The Markit iBoxx SGD corporate total return index hit 106.09 on Feb 25, an all-time high. The index measures bond prices and accumulated coupon payments.
The Thomson Reuters/SGX SFI corporate bond index, up 1.02 per cent year to date, has had its best start to the year since 2009. In contrast, the Straits Times Index (STI) is down 2.42 per cent year to date.
"Globally, there have recently been signs of reallocation back to fixed income - many institutions were underweight fixed income at the end of last year," said Geoff Howie, SGX market strategist.
Choppy equity markets are spooking people, and investors are turning to bonds to provide a steady income, said Clifford Lee, DBS Bank head of fixed income.
"Not so long ago, bonds seemed a less interesting play . . . but investors are now saying they just want steady returns," said Mr Lee.
John Ng, head of research and product marketing at Bank of Singapore, said local bonds is "a resilient asset class due to its low market volatility, resulting from stable currency and better macro dynamics".
Concerns that interest rates will remain low have also been gaining currency.
Neel Gopalakrishnan, Credit Suisse private banking and wealth management emerging markets bond analyst, said fairly dovish comments from the US Federal Reserve and the latest round of soft economic data have reinforced the belief that short rates will stay low for the foreseeable future.
"Long-term interest rates have also moved down on the relatively weaker economic data in the US, which we believe is temporary. There is still a lot of liquidity with investors, which is being put to work given the low interest rate environment," he said.
Since the start of the year, speculation has been building that perhaps the Fed might reduce or halt its tapering of bond purchases due to weakening economic momentum, said Kelvin Tay, UBS wealth management regional chief investment officer.
"This in turn has resulted in both the 10-year US Treasury yields declining and higher gold prices, which have rebounded to US$1,343 per oz. The Singapore bonds market is responding to that, hence the strong movement recently," said Mr Tay.
Other factors supporting the bond market here include the small supply of new deals.
According to DBS' Mr Lee, year-to-date issuance has been 20 deals worth $3.68 billion, only slightly higher than 2013. For the same period last year, it was also 20 deals totalling $3.38 billion.
The record year for issuance was 2012, when some $30 billion worth of bonds were sold.
Bank of Singapore's Mr Ng believes investors are also cheered by the stronger Singapore unit.
The Sing dollar has reversed its depreciation trend from February 2014, which is also supportive of the Singapore bond market, he said.

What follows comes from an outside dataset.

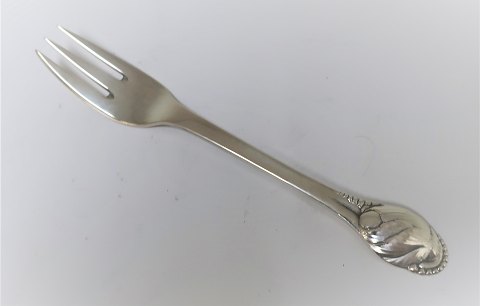 Evald Nielsen. Cutlery no. 10. Cake fork. Length 15 cm.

"The majority of buyers are still private banking clients, local fund managers and banks. Specifically, private banking clients are major buyers for perpetual bonds such as recent Hyflux and Trafigura deals," he said.
"The rest were absorbed by fund managers and banks. A stronger currency outlook will attract more foreign investors' participation in this market, while local investors will continue to anchor the market," said Mr Ng.
The Sing dollar started to appreciate from late last month. It's currently around $1.26 to US$1. While it is flat year on year, the Sing dollar has appreciated about 1.56 per cent from its recent low of 1.28 as at Jan 23, 2014.